Lantas dia bercerita kenapa dia membutuhkan uang seratus juta. Mereka sedang membangun rumah, ada tahapan yang belum selesai seperti finishing dan pagar. Perkiraan dia dan suaminya habis seratus juta lebih kurang. Mereka bukan nggak punya uang katanya, tapi baru beli mobil Pajero Sport. Suaminya nggak suka beli mobil biasa sejenis Avanza apalagi Agya. Lebih baik nggak punya daripada nanggung dan pikiran masih di Pajero Sport.
Saya masih menanggapi positif, “oh, besar sekali kamu buat rumah. Makanya nggak cukup duit buat finishing.”
“Biar sekali bangun, Fa. Nggak bangun berulang. Nanti jelek jadinya karena sudah beda-beda desain dan kualitas pembangunannya.

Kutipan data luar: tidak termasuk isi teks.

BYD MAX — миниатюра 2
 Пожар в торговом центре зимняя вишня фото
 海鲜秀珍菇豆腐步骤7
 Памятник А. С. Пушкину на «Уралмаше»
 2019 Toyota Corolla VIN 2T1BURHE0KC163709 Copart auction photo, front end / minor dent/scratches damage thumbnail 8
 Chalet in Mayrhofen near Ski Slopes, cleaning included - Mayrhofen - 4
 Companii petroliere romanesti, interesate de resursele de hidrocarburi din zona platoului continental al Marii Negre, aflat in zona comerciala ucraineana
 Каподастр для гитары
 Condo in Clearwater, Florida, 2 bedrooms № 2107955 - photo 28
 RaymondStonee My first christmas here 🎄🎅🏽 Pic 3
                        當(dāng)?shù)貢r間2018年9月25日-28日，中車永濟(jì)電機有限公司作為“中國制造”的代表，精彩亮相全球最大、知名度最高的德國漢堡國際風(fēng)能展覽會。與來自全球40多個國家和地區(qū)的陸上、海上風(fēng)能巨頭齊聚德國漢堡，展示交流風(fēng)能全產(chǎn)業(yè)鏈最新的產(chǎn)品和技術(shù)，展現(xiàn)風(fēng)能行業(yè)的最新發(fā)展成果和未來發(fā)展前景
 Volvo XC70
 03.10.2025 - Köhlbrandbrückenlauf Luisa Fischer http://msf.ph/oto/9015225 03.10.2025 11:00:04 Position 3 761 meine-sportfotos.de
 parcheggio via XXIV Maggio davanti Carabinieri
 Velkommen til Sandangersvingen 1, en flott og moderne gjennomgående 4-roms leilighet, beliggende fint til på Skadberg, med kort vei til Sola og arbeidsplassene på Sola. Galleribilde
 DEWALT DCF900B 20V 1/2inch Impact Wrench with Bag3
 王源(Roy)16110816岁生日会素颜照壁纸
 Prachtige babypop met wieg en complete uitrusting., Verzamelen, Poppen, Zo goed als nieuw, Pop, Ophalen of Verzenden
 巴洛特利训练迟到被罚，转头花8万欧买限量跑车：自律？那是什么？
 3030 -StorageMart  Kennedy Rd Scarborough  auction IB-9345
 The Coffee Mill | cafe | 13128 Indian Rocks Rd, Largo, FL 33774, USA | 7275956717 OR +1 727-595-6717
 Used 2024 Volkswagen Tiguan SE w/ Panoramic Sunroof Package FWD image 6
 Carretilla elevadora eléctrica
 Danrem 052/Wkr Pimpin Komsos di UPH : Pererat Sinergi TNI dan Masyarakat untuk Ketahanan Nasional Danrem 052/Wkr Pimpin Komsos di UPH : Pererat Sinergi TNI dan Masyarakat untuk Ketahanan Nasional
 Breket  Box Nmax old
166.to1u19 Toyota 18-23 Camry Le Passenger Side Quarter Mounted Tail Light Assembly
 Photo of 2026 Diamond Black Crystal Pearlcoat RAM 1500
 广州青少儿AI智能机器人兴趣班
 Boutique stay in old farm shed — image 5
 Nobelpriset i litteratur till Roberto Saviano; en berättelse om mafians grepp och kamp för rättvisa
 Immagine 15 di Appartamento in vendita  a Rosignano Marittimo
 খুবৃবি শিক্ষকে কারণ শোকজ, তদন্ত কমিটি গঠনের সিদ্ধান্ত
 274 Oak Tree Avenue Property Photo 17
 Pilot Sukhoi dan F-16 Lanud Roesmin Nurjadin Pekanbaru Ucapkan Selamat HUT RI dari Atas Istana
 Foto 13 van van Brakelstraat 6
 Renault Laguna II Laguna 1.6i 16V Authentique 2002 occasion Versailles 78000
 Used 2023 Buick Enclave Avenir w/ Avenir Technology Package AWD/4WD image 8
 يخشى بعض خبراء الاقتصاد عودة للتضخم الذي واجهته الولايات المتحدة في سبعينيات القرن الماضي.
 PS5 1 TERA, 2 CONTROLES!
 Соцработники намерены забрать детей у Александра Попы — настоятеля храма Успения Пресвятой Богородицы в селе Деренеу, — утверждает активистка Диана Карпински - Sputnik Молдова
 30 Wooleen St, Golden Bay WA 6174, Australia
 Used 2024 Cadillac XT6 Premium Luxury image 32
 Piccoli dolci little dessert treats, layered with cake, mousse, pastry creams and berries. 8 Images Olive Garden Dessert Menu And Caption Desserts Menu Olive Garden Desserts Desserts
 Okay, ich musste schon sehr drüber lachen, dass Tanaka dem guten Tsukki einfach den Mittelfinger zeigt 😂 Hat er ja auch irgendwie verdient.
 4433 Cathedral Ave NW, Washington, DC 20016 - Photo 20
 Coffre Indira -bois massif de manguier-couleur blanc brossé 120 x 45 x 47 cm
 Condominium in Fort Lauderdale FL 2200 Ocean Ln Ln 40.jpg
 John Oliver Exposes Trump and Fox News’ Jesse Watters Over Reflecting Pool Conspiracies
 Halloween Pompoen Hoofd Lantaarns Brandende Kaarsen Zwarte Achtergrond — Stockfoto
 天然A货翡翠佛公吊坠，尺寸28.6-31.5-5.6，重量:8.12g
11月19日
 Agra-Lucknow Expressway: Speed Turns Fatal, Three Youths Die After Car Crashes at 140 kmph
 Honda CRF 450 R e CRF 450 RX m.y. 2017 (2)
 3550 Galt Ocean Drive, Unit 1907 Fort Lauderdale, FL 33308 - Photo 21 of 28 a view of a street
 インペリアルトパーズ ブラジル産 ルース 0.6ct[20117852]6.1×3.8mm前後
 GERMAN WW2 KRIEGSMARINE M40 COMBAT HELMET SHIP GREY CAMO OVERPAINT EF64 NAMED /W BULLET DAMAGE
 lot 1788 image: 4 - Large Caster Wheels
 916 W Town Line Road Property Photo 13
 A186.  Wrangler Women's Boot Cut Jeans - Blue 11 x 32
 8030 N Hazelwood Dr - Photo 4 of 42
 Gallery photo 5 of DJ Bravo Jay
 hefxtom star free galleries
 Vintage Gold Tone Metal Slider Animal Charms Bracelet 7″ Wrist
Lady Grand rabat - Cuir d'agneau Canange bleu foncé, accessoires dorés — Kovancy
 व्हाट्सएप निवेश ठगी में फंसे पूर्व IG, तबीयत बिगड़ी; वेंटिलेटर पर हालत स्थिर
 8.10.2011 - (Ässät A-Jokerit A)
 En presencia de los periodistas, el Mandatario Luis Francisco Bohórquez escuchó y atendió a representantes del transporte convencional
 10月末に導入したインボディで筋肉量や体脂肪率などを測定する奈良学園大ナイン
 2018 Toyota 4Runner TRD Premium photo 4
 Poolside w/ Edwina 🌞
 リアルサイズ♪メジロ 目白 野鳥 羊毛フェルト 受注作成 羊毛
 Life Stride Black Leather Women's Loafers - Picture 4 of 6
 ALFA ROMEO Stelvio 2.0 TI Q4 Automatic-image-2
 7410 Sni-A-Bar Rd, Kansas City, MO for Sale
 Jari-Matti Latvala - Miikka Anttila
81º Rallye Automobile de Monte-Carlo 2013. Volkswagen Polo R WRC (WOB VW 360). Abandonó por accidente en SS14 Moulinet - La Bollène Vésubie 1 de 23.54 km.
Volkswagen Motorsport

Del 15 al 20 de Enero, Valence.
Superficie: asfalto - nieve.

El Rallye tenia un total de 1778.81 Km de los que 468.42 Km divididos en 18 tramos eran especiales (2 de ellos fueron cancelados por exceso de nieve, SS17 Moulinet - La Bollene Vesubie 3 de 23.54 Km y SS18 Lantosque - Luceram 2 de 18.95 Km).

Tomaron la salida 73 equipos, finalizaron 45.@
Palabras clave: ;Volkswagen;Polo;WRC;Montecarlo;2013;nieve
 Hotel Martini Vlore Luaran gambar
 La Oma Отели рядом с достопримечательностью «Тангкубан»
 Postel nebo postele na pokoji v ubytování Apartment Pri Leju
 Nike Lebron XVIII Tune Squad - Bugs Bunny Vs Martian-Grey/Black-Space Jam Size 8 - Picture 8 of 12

Kalau mau sempurna yang harus sekalian dan nekat terus.”
Duh, luar biasa sekali si kawan ini. Pikirannya sudah sangat jauh di depan. Sementara saya masih tinggal di rumah dua kamar di komplek perumahan yang tak jauh dari kampus. Halaman rumah kecil, bisa parkir sepeda motor atau mobil kawan yang mungil-mungil itu saja sudah alhamdulillah. Jangankan dekor rumah ala-ala instagram, pagar saja masih berupa bunga kosmos.
“Maaf sekali, saya nggak punya.”
“Itulah. Mau bagaimana kan? Kirain dosen makmur, ternyata emakmu juga yang nambah-nambah buat dapur, ya.”
Tanggapan si kawan sebenarnya menyakitkan. Untungnya nggak saya tanggapi. Iya, dosen itu memang kelihatan makmur. Kenyataannya nggak seindah di cerita novel, kok. Dimana sosok dosen yang digambarkan di novel-novel agak sedikit nggak masuk akal.